Over time, the studio becomes a system: gestures repeat, palettes stabilize, and structures
begin to speak to each other across different works. What starts as an isolated painting
often becomes part of a larger visual family.
Research
Painting
Structure
From intuition to structure: how paintings become systems
Each painting begins intuitively, but the work only truly starts when structure appears.
I am interested in the moment when a spontaneous gesture becomes part of an organized system,
when chaos slowly resolves into coherence.
This transformation is never forced. Instead, the painting is observed, rotated, reworked,
and sometimes dismantled, until it reveals the logic that already exists within it.
That logic then becomes reusable, transferable, and adaptable to other formats.

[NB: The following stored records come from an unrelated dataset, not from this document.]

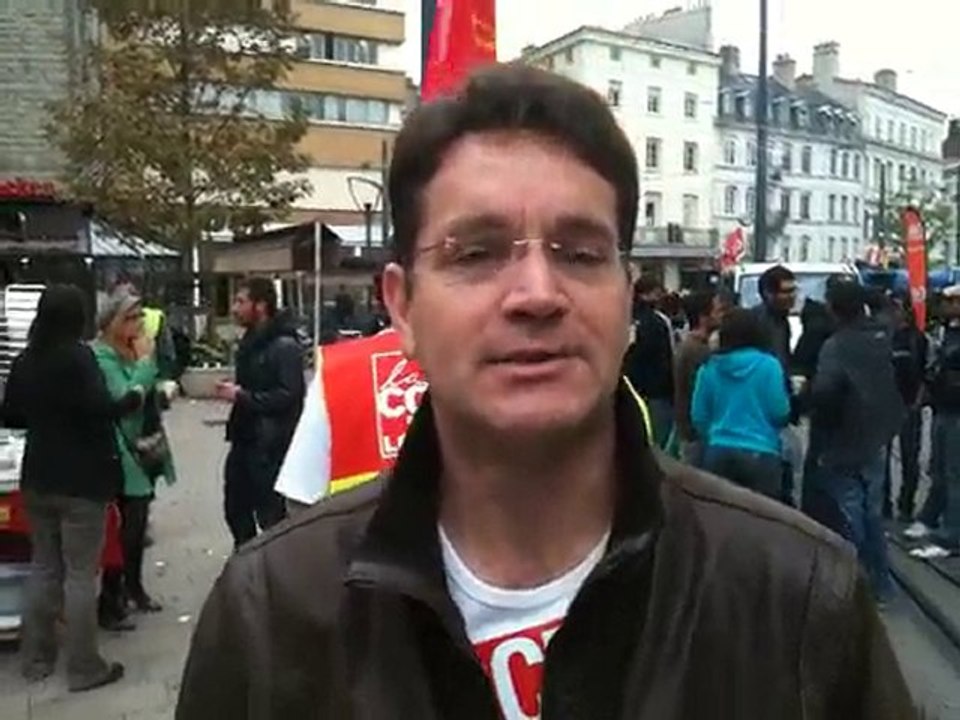 VINCENT BONY EN MANIF POUR LES RETRAITES Octobre 2010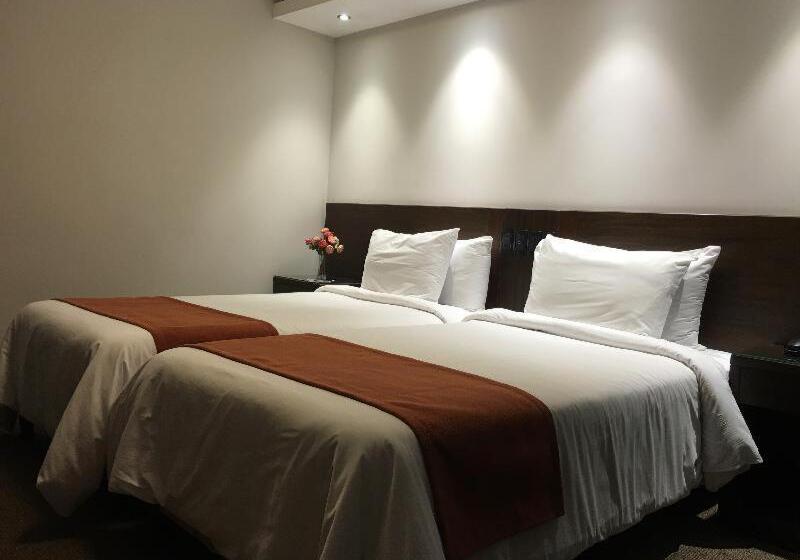 베이직 3인 룸, Crystal Tower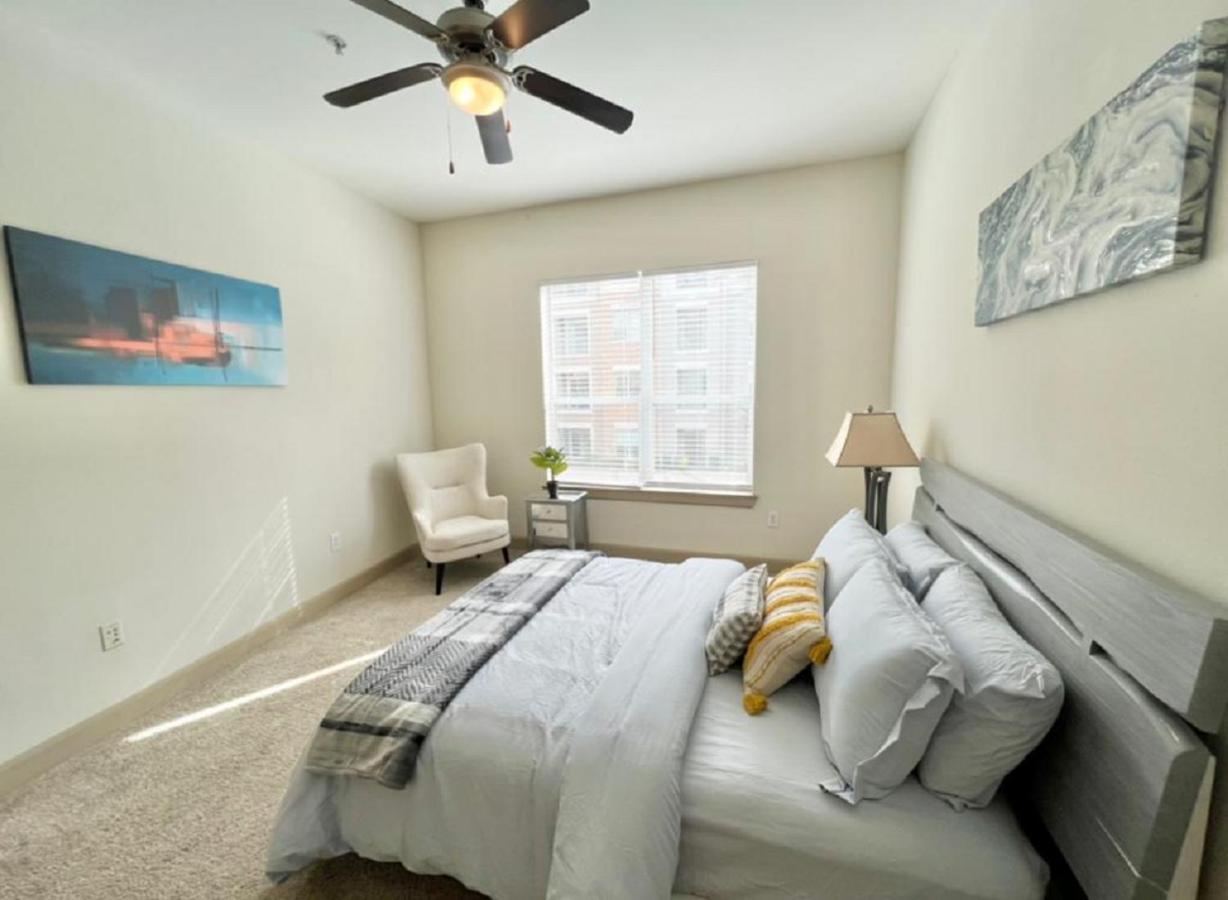 Elegant 1Br Ideal For Long Term Stay Houston Esterno foto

In this way, a single painting can generate multiple outcomes: new canvases, objects, editions,
or design elements. The studio becomes a place where intuition is translated into method.
United States
International
Practice
Developing an international practice between contexts and scales
My work increasingly unfolds between different geographic and cultural contexts,
particularly between the United States and the United Arab Emirates.

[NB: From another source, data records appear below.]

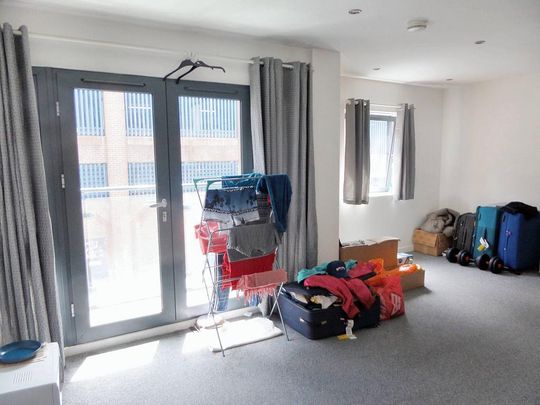 2 bedroom flat to rent - Photo 1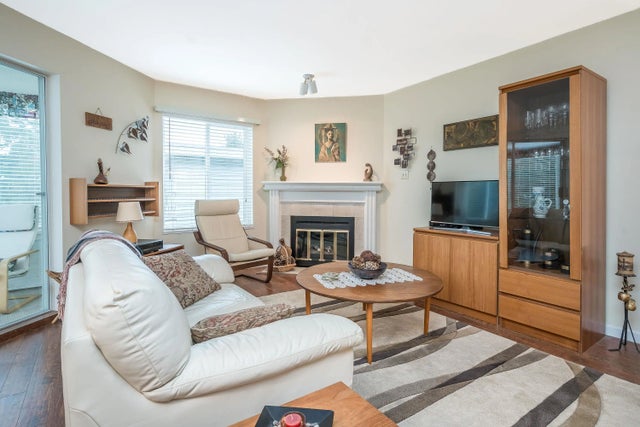 1378 Fir Street 203, White Rock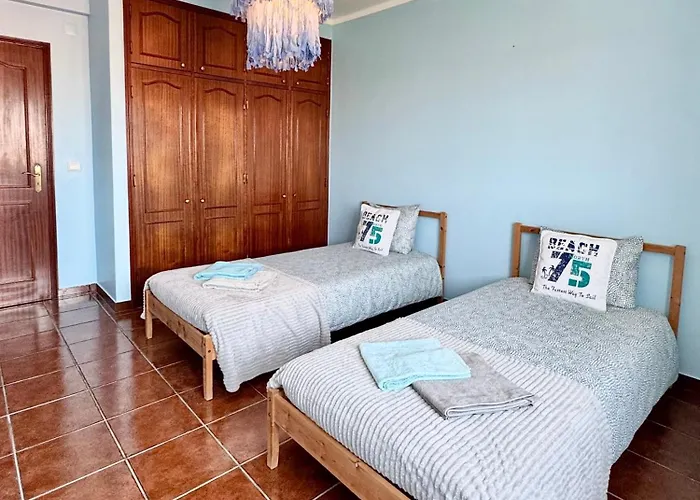 Porto Batel Family&friends House アトウギア・ダ・バレイア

This movement creates productive tension between ways of working, perceiving, and producing.
In the United States, the work often engages with circulation, visibility, and scale.
In the UAE, the studio offers time, space, and silence. Moving between these contexts
allows the work to remain open, flexible, and responsive rather than fixed.
This duality shapes both the form and the content of the work, creating pieces that
carry multiple temporalities and readings within a single structure.
Objects
Edition
Design
When paintings become objects: extending the life of an image
The transformation of paintings into objects is not a secondary step, but an essential part
of the practice. An image is never finished when the painting ends—it continues to evolve
as it moves into new materials and formats.
Fragments are extracted, isolated, and reassembled into editions designed to circulate
beyond the studio. These objects carry memory: traces of scale, gesture, and decision
that remain visible even when the format changes.
Through this process, the work becomes mobile and porous, capable of entering everyday spaces
without losing its conceptual integrity.
Time
Process
Studio
Time as a material: slow processes and long-term vision
Time is treated as a material in itself. Works are rarely completed quickly; they remain in the studio,
sometimes for months or years, before reaching a form that feels resolved.
This slow rhythm allows ideas to mature, weaken, strengthen, or transform completely.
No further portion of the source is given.